As it moves closer to listing its stock on the TSX Venture Exchange, Appili Therapeutics of Halifax has raised an additional $3.6 million by selling shares and warrants through a private placement.
The drug discovery company issued a statement Monday saying it had raised gross proceeds of about $3.6 million through the placement, though the total is lowered somewhat by fees paid to the banks that sold the securities.
Appili said last year it was planning to list its stock publicly, and Monday’s announcement included the news that it has filed its preliminary prospectus with six Canadian securities commissions, including the Ontario Securities Commission. Filing the preliminary prospectus is a key step in the company’s ambition to list on the TSX Venture Exchange.
“As we prepare for our next phase of growth, financial strength and careful stewardship of our resources remain incredibly important to Appili,” said CFO Kimberly Stephens in the statement. “As we pursue additional pipeline assets and continue with the process of taking Appili public on the TSX Venture Exchange, we are grateful for the continued support of our investor base.”

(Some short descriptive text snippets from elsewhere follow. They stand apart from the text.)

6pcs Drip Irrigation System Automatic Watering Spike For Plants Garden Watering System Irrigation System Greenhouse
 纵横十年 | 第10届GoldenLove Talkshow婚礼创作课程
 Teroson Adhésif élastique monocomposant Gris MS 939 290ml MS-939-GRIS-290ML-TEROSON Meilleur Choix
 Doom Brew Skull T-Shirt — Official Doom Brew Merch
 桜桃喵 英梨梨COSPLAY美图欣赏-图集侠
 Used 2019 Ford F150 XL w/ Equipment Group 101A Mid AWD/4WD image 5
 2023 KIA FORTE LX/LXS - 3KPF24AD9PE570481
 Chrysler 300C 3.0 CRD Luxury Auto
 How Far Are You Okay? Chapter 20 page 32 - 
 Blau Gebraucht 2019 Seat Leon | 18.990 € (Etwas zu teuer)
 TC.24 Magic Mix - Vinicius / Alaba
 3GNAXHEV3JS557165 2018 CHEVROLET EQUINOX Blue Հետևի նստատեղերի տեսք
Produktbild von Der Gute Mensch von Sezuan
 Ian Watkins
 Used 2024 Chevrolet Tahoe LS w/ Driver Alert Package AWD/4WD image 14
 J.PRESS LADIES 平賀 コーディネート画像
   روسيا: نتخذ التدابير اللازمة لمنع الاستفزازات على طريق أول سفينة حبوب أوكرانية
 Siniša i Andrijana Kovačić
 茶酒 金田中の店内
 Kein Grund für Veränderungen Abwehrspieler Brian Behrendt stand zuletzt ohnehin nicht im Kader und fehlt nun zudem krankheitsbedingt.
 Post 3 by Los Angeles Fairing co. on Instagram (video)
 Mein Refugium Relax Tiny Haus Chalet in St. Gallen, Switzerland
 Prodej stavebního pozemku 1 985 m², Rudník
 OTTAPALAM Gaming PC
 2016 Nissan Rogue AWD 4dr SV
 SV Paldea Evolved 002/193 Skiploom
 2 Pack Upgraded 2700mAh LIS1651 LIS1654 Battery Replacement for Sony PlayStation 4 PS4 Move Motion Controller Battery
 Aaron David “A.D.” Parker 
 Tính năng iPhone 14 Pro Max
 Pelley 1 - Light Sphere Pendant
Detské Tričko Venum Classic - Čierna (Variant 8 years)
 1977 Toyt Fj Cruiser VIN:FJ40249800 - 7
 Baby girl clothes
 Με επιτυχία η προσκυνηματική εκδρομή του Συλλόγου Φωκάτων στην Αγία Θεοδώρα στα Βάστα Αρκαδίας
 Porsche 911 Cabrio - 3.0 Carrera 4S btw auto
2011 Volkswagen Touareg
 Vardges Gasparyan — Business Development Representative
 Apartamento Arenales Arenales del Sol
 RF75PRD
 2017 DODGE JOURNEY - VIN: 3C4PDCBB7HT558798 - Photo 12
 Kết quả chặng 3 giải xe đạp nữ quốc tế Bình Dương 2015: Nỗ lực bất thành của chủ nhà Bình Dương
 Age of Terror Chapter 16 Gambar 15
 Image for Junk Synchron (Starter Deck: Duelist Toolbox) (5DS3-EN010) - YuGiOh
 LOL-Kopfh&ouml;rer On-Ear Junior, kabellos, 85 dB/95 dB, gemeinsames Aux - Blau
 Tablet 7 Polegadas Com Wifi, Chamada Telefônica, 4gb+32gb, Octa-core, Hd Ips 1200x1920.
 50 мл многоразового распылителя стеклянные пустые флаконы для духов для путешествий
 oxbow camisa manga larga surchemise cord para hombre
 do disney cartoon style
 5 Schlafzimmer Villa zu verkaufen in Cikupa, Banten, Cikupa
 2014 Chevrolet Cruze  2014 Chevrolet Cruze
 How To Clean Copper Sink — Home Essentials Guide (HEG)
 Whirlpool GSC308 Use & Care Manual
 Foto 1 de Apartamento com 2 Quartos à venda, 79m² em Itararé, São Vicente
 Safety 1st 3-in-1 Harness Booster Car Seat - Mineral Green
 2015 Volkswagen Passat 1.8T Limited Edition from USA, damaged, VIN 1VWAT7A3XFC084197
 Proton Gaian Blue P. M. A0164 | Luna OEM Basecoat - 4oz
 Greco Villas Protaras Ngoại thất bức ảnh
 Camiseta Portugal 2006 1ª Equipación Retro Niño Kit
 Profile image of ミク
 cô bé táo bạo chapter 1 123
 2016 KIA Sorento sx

Just three years old, Appili has been working on a two-track strategy to get to market. Two years ago, it was allowed a fast-track regulatory process for its first drug candidate, ATI-1501, because the compound is based on a drug called metronidazole that had already been approved. Meanwhile, it is also working on a second compound, ATI-1503, which will take longer to develop but aims for a larger market in addressing antibiotic-resistant viruses.
The offering announced Monday brings the company’s total equity funding of the past three years to more than $15 million. The company said the net proceeds from the most recent offering will be used for the research and development of its current anti-infective pipeline of products, working capital, and general corporate purposes.
But the company also suggested it could be interested in purchasing other drug candidates as it grows.
“Our business model allows us to pursue a broad range of infectious disease pipeline assets, which places us in the unique position of being able to maximize the capital efficiency of our drug development programs,” said CEO Kevin Sullivan. “We have secured $19.1 million in non-dilutive funding from a range of sources that has further bolstered our disciplined approach to building out our pipeline.”
The capital markets experts that brokered the offering were Mackie Research Capital Corp., Echelon Wealth Partners Inc. and Bloom Burton Securities Inc. Bloom Burton has been a backer of Appili from its inception.
ATI-1501 addresses two problems with metronidazole. First, the existing drug is only available in a solid form, which means that seniors who have trouble swallowing can only take it if it’s ground up and mixed with something like apple sauce. Second, metronidazole tastes terrible, which dissuades patients, especially children, from taking it. ATI-1501 can come in a liquid form and doesn’t have metronidazole’s bitter taste.
The company plans to first sell the product to old people who have difficulty swallowing but need metronidazole to treat parasitic and anaerobic bacterial infections. It plans to later target children who need metronidazole to treat a disease called clostridium difficile infection, or CDI. Selling into this second market may require additional regulatory approval.
Said Sullivan: “The $3.6 million from this round of financing is an important component of our growth plans and we look forward to working with our partners – with the ongoing support of our shareholders – to advance our novel programs toward fruition.”